(Beginning of Input data)
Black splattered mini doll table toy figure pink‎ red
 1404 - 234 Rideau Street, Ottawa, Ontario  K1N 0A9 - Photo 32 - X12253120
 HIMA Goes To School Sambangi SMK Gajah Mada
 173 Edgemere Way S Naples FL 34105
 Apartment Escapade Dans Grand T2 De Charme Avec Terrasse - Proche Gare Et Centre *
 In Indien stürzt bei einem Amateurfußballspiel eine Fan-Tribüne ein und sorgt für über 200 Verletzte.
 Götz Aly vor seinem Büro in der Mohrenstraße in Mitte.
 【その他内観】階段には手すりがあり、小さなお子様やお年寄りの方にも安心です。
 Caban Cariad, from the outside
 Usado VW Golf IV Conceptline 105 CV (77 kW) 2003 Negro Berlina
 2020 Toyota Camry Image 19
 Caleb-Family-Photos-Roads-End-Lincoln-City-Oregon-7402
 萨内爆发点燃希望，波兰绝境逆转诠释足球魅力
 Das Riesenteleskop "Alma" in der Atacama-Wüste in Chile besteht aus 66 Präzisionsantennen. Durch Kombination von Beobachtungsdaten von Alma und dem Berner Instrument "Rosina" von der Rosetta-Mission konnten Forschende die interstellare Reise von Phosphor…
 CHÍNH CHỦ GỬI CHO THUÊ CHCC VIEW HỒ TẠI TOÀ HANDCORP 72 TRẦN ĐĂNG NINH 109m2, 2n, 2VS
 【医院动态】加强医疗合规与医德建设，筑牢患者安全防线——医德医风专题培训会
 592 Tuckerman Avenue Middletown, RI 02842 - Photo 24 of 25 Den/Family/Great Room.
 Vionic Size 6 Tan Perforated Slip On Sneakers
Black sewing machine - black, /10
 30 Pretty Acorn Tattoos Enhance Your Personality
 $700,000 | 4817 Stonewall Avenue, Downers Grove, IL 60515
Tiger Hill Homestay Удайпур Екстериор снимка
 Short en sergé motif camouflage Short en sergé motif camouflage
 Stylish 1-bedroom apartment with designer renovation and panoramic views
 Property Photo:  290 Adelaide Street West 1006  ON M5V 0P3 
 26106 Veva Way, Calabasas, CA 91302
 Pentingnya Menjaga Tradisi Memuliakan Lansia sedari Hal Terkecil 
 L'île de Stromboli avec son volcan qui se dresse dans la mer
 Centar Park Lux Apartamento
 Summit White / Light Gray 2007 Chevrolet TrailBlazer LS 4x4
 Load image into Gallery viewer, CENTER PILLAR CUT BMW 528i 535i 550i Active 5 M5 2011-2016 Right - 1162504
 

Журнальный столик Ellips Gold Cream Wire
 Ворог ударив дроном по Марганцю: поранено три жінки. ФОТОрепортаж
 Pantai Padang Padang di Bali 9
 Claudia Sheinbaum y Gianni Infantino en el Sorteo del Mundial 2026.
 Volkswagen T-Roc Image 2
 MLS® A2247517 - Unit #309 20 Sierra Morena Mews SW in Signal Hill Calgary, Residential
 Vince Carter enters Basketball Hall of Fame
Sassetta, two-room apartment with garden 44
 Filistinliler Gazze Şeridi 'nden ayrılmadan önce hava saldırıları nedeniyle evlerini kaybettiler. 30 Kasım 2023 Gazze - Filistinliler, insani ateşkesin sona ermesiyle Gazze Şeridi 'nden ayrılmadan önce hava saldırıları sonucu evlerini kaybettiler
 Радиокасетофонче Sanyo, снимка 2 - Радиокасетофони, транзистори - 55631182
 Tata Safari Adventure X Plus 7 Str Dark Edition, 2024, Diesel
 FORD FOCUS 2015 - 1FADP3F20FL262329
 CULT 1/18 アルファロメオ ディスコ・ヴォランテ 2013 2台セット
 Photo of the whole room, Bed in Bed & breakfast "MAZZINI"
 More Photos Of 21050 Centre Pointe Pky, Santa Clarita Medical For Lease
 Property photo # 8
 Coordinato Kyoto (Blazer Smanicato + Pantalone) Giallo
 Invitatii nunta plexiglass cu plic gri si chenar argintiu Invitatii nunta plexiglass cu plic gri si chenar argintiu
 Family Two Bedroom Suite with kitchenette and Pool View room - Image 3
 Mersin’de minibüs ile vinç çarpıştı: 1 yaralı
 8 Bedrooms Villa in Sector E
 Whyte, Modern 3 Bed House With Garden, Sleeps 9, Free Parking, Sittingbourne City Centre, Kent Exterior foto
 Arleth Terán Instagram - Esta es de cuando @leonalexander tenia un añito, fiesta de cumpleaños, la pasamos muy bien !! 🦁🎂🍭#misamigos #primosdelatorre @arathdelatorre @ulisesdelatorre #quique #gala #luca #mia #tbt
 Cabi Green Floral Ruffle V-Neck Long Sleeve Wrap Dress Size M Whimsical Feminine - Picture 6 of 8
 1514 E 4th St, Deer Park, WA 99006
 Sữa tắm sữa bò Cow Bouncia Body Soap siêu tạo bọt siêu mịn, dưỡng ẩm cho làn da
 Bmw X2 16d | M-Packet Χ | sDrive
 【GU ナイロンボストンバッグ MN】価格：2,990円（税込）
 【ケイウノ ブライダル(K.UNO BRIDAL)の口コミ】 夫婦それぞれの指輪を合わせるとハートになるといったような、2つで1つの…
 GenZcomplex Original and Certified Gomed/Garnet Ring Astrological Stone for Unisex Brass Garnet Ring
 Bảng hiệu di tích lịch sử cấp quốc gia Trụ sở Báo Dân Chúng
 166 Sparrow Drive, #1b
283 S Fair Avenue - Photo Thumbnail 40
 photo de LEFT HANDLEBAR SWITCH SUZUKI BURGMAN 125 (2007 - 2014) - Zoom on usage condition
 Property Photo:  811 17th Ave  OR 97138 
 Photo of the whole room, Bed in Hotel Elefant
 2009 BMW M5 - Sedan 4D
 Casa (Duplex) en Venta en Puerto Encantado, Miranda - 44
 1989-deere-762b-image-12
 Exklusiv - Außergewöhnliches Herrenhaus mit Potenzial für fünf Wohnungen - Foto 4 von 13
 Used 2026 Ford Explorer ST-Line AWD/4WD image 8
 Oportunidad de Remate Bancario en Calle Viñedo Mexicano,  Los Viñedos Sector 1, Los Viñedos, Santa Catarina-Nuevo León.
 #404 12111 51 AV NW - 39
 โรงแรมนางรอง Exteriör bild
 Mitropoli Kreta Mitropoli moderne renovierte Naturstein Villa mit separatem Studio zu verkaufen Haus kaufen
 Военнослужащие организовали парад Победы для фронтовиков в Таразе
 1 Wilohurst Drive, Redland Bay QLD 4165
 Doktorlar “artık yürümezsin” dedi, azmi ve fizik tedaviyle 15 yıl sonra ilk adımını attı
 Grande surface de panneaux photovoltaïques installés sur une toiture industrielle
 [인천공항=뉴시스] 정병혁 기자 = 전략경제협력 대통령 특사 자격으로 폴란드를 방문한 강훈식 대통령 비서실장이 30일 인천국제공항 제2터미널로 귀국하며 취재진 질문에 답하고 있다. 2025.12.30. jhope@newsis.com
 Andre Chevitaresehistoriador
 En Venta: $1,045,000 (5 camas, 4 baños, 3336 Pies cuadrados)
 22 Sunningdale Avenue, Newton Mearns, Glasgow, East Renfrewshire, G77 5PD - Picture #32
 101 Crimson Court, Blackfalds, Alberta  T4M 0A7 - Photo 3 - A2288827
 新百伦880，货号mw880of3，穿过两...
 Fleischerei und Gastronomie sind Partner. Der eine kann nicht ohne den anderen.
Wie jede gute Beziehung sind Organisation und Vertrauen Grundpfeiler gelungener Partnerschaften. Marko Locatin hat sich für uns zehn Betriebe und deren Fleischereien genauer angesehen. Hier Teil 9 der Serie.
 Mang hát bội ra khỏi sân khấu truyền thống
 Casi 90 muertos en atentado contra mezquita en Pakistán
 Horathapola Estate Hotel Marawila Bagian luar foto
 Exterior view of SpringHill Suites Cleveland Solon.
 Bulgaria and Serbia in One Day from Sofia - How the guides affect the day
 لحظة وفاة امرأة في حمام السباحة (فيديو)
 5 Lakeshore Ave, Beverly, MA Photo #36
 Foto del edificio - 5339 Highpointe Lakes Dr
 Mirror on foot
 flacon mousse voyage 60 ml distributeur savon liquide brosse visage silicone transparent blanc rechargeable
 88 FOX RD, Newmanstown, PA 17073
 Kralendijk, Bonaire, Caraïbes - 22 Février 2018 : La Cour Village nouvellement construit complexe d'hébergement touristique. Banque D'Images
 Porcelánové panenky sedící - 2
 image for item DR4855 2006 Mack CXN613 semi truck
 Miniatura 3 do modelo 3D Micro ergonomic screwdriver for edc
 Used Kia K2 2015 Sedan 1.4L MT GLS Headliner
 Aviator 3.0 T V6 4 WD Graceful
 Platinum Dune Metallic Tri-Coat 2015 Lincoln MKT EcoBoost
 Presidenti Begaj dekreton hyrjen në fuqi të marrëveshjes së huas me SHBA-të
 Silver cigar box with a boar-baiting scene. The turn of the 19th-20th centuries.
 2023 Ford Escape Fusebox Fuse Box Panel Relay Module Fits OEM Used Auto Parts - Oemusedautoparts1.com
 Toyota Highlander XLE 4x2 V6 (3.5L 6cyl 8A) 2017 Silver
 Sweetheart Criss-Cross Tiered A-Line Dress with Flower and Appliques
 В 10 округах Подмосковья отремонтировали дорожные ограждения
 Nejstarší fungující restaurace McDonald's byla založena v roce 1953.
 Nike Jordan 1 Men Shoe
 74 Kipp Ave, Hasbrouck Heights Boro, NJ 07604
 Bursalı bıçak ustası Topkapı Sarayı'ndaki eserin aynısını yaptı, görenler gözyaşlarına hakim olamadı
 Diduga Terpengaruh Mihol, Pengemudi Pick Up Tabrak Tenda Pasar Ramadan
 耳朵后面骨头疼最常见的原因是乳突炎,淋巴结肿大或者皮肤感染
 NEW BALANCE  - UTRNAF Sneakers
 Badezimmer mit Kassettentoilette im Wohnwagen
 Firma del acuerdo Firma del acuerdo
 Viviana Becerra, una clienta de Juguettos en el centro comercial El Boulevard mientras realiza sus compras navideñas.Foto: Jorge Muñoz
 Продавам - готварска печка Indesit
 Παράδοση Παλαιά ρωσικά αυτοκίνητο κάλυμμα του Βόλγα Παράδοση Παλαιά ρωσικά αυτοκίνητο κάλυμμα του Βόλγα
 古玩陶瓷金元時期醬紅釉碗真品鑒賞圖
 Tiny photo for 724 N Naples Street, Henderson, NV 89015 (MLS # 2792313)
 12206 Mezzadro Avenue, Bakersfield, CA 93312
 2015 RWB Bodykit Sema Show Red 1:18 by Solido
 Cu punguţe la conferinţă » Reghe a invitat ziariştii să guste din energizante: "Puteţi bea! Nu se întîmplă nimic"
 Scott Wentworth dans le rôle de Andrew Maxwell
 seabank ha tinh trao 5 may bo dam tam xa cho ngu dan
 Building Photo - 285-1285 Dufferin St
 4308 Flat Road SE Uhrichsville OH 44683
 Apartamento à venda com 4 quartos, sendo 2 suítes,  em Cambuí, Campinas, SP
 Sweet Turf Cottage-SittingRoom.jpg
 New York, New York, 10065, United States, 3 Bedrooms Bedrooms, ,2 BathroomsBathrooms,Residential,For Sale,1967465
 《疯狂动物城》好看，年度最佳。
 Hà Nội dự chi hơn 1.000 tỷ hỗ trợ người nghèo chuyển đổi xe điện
(End of Input data)
● Task to carry out
Copy each line above that contains the string "whole".

● Answer for the task
 Photo of the whole room, Bed in Bed & breakfast "MAZZINI"
 Photo of the whole room, Bed in Hotel Elefant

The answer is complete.